A typical usage would be as follows:

   probcli FILE -init -latex Raw.tex Final.tex

Note: the FILE and -init commands are optional; they are required in case you want to process the commands in the context of a certain model. Currently the probcli Latex commands mainly support B and Event-B models, TLA+ and Z models can also be processed but all commands below expect B syntax. You can add more commands if you wish, e.g., set preferences using -p PREF VAL or run model checking --model-check. The Latex processing will take place after most other commands, such as model checking.

You will probably want to put the probcli call into a Makefile, in particular when you want to generate dot graphics using ProB.

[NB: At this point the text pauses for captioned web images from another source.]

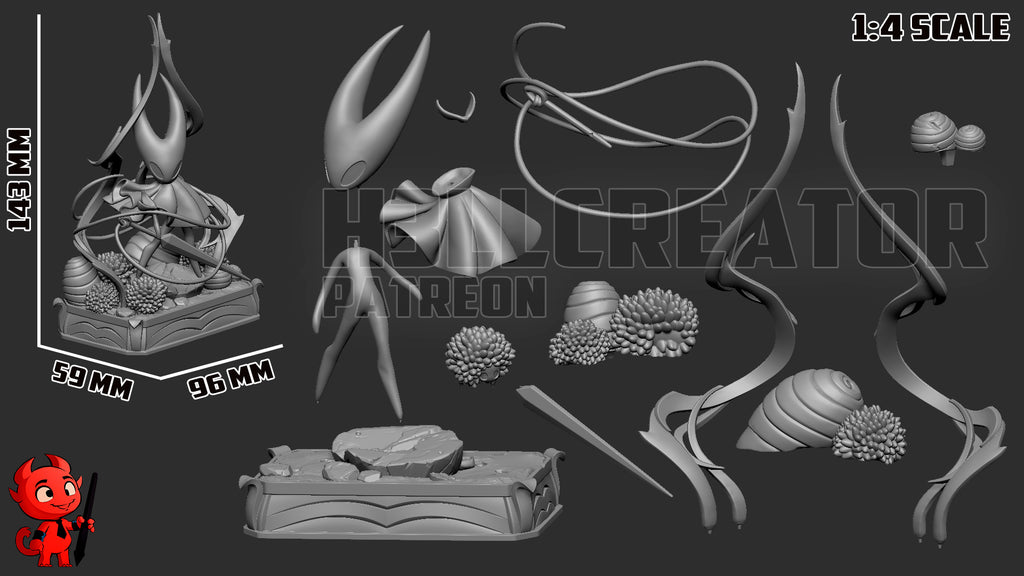 Figurine à peindre - Hornet - Hollow Knight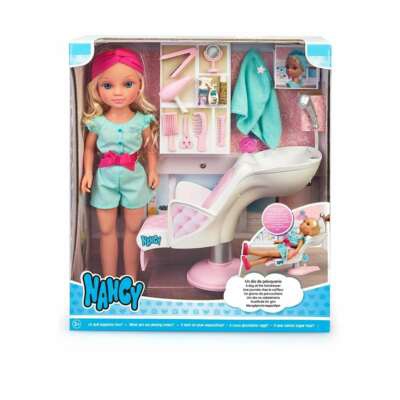 Muñeca Nancy un día en la peluquería 43 cm ¡la silla funciona con agua de verdad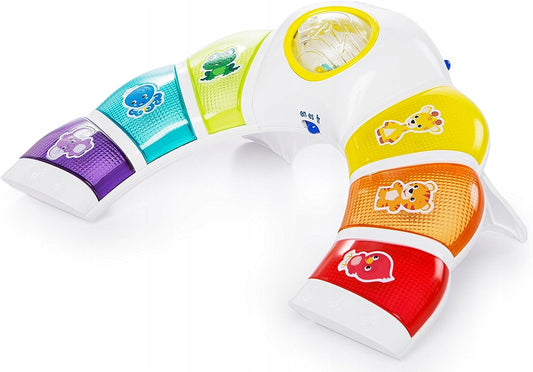 BABY EINSTEIN panel świetlny z grzechotką, melodiami i słowami w 3 językach, kolorowy panel muzyczny dla niemowląt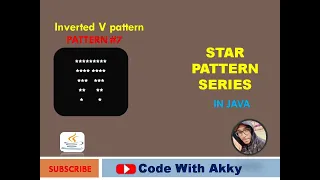 Inverted V shape STAR PATTERN Program 7 IN JAVA INVERTED V-PATTERN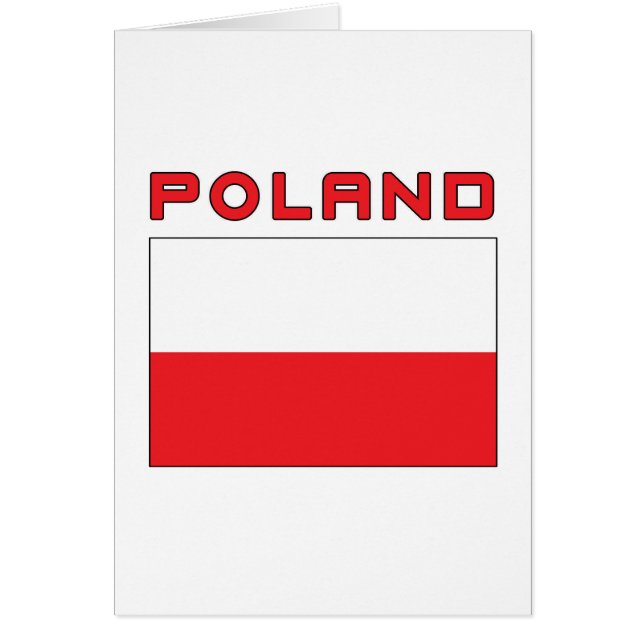 Drapeau polonais avec la Pologne (Devant)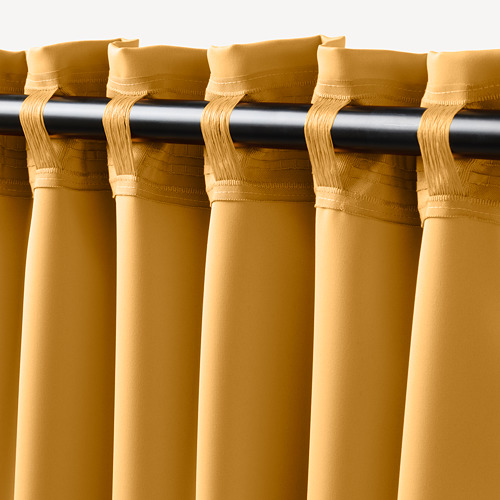MAJGULL - 部分遮光窗簾 2件裝, 黃色 | IKEA 線上購物 - PE676150_S4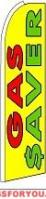 Gas $ave Feather Flag 2.5' x 11.5'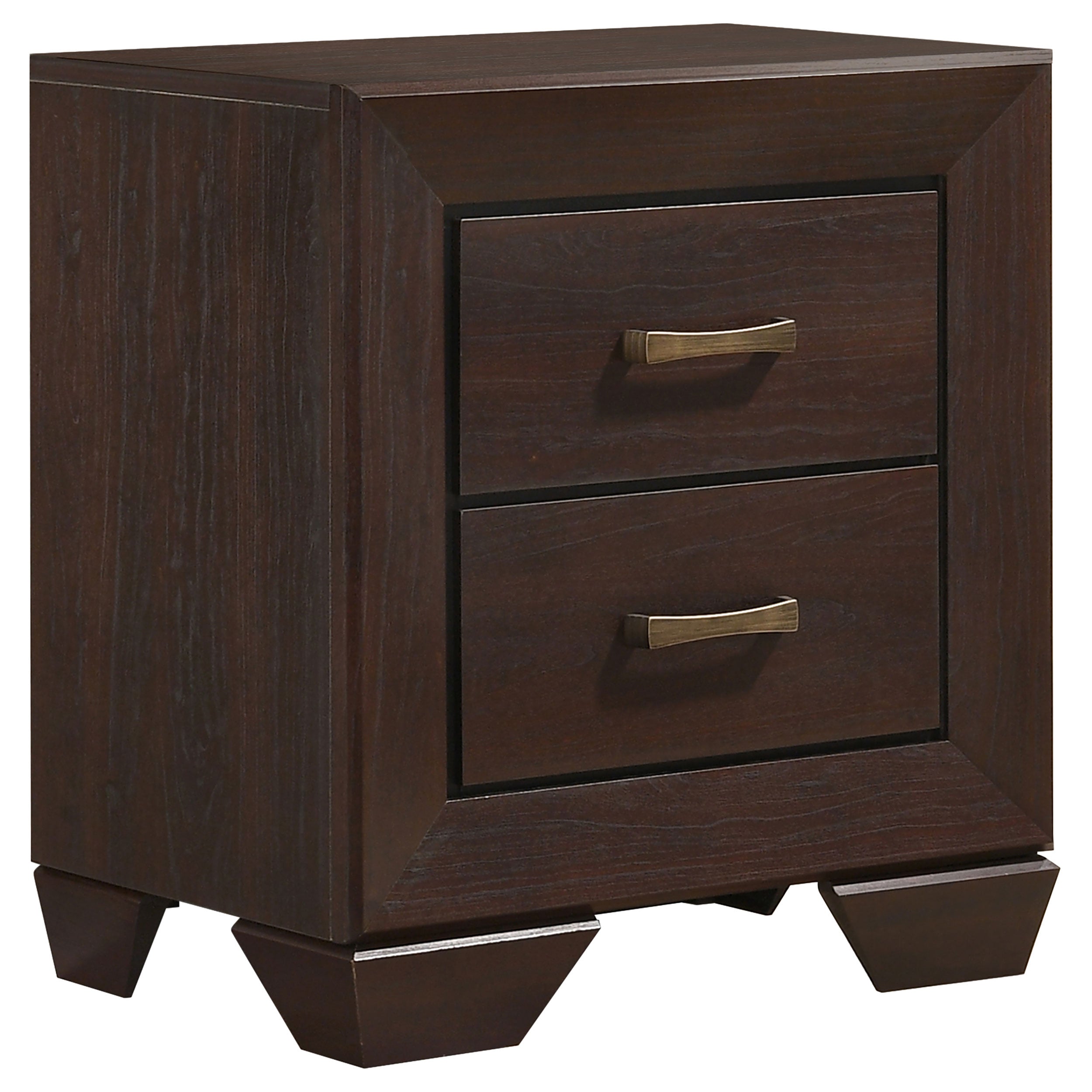 Kauffman 2-drawer Nightstand Dark Cocoa-CoasterEveryday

The distribution folder of ProB contains an example with a Makefile, producing the following file, which at the same time documents the core features:

File:Prob latex doc.pdf

Commands

The commands are described in the PDF document above. Here is a short summary of some of the commands:

  • \probexpr{EXRP} command takes a B expression EXPRas argument and evaluates it. By default it shows the B expression and the value of the expression. Example: \probexpr{{1}\/{2**10}} will be replaced by {1,1024}
    • ascii to print the result as ASCII rather than using Latex math symbols
    • time to display the time taken for the command
    • string the result value is a string, and do not print the quotes around the string
    • value to just print the value, not the expression
  • \probrepl{CMD} command takes a probcli REPL command CMD as argument and executes it. By default it shows only the output of the execution, e.g., in case it is a predicate TRUE or FALSE. Example: \probrepl{let DOM = 1..3}. A variation of the latter is the new command \problet{DOM}{1..3} which shows the let construct itself within the generated Latex. Optional arguments for \probrepl are :
    • solution to display the solution bindings (for existential variables) found by ProB
    • store to store the solution bindings as local variables (similar to let)
    • ascii to print the result as ASCII rather than using Latex math symbols
    • time to display the time taken for the command
    • print to print the expression/predicate being evaluated (automatically set by \problet
    • silent to not print the result of the evaluation
  • \probtable{EXRP} command takes a B expression EXPRas argument, evaluates it and shows it as a Latex table. Optional arguments are no-tabular, no-hline, no-headings, no-row-numbers, max-table-size=NR.
  • \probdot{DOT}{File1} command takes a B expression EXPRas argument, evaluates it as a graph and writes a dot file File1. You can provide a second File as argument, in which case dot is called to generate a PDF document. You can also set sfdp as third argument, in which case the sfdp tool will be used instead of dot.
  • \probprint{EXRP} command takes a B expression or predicate EXPRas argument and pretty prints it. Optional arguments are:
    • pred only try to parse first argument as predicate
    • expr only try to parse first argument as expression
    • ascii to print the result as ASCII rather than using Latex math symbols
  • \probif{EXPR}{Then}{Else} command takes an expression or predicate EXPR and two Latex texts. If the expression evaluates to TRUE the first branch Then is processed, otherwise the other one Else is processed.
  • \probfor{ID}{Set}{Body} command takes an identifier ID, a set expression Set and a Latex text Body, and processes the Latex text for every element of the set expression, setting the identifier to a value of the set.